(Dataset items)

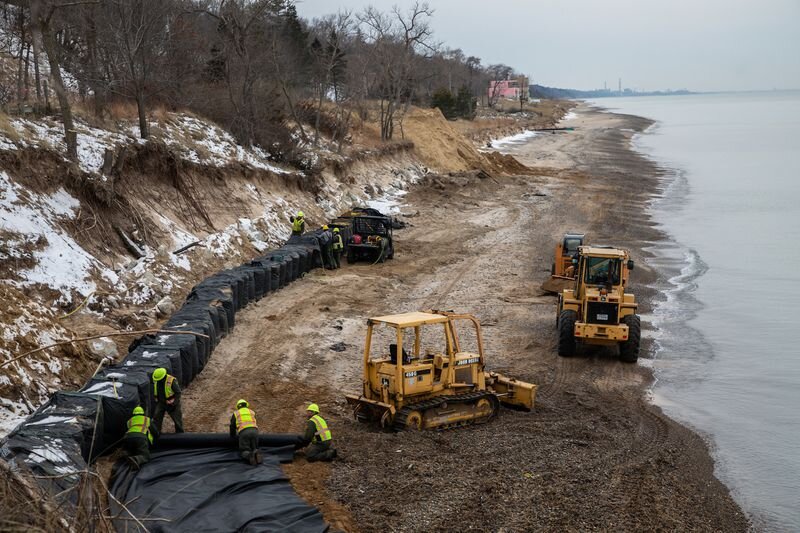 A proud Lake Michigan beach town battles erosion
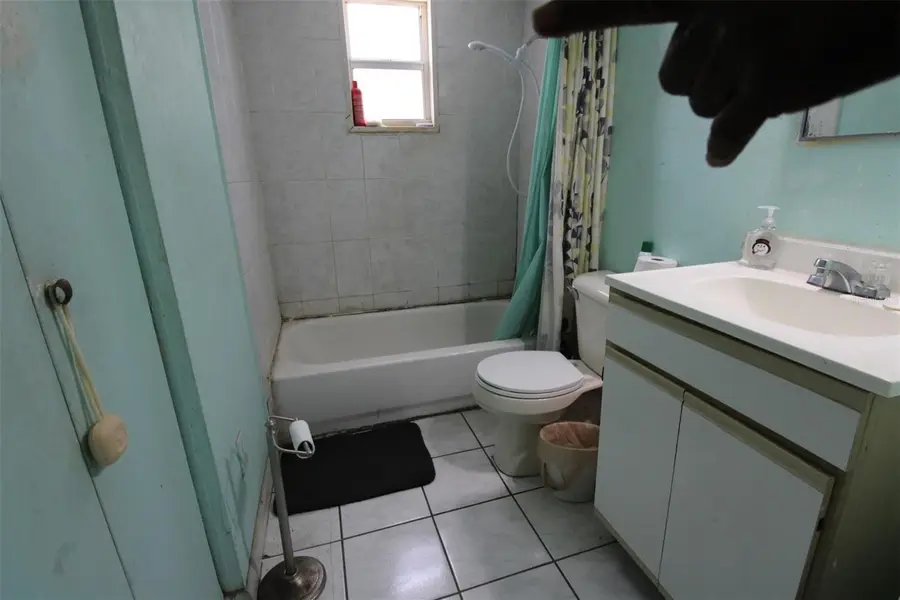 6212 N 45th Street, Tampa, FL 33610 - #2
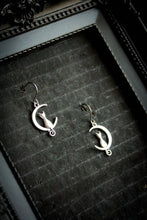 Load image into Gallery viewer, Moon Cat Earrings
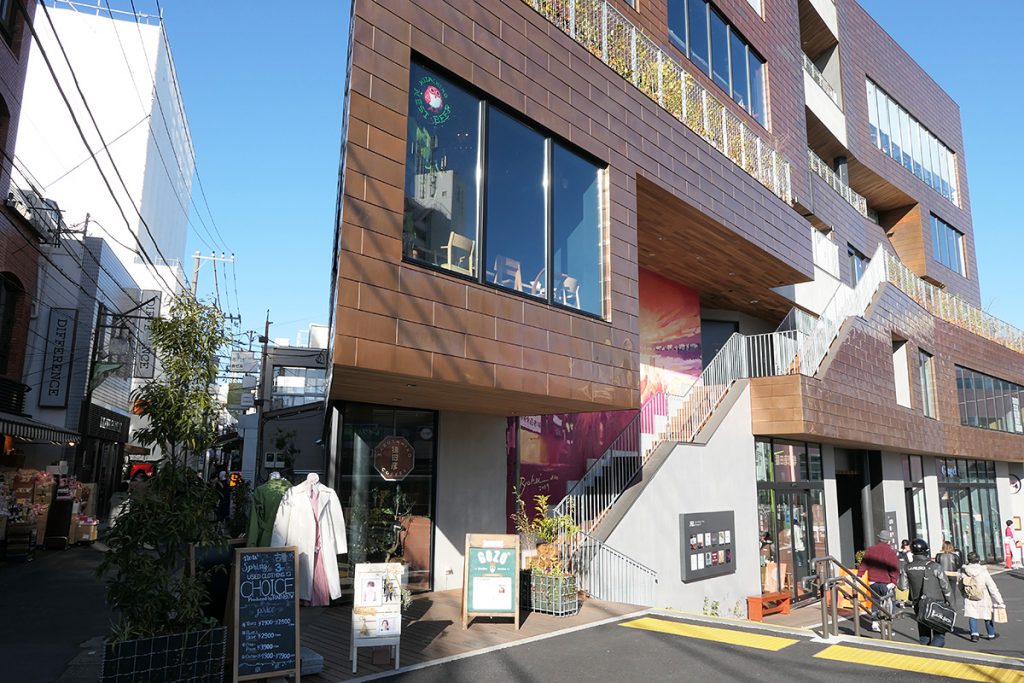 シモキタフロントの2階に「Gastropub GOZO」はあります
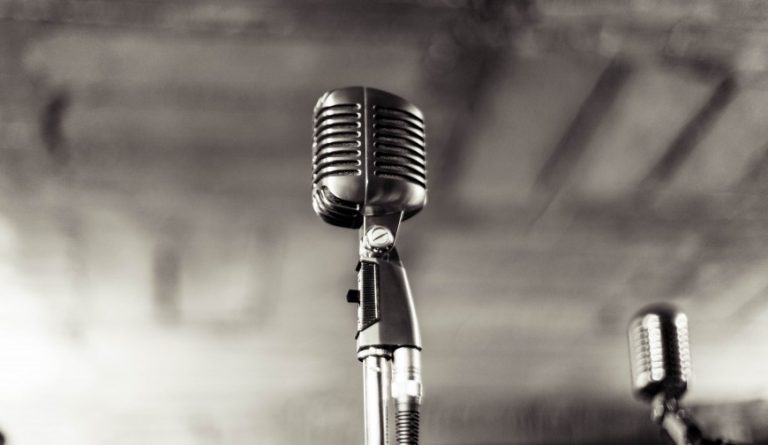 Sexy cantante regresa a la música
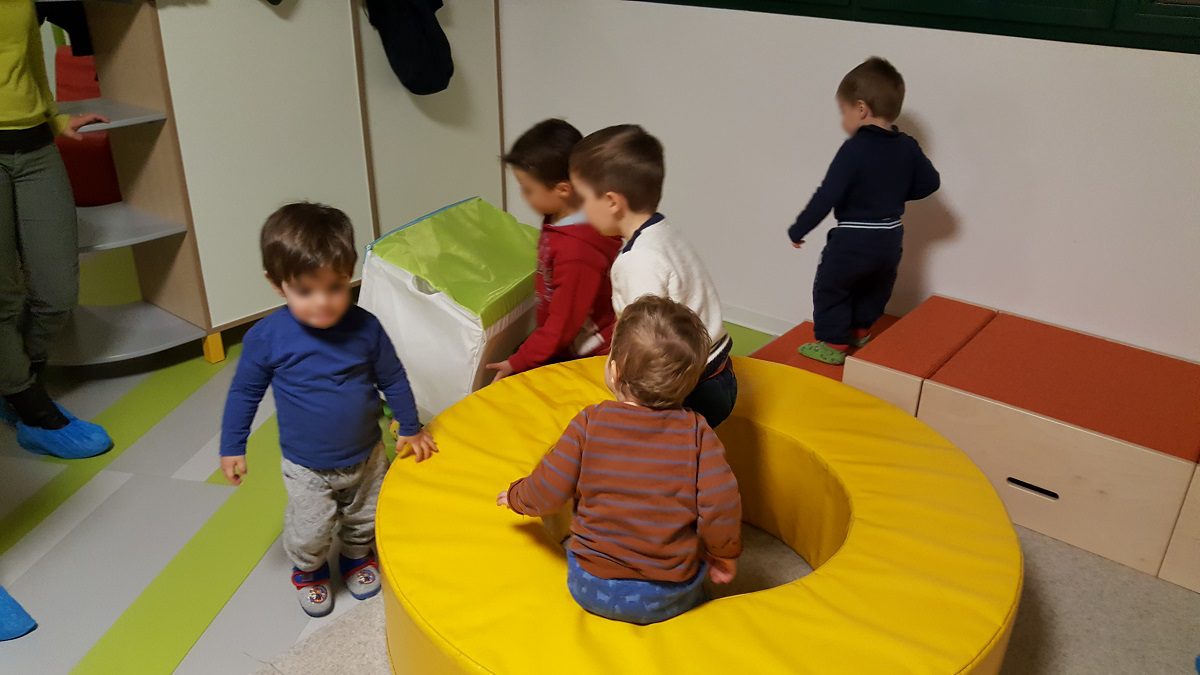 Un'immagine che ritrae bambino, pavimentazione, pavimento, asilo e camera.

## PROBLEM REQUIREMENTS
The records above are to be duplicated exactly, pictures left out.

## RESPONSE
 A proud Lake Michigan beach town battles erosion
 6212 N 45th Street, Tampa, FL 33610 - #2
 Load image into Gallery viewer, Moon Cat Earrings
 シモキタフロントの2階に「Gastropub GOZO」はあります
 Sexy cantante regresa a la música
 Un'immagine che ritrae bambino, pavimentazione, pavimento, asilo e camera.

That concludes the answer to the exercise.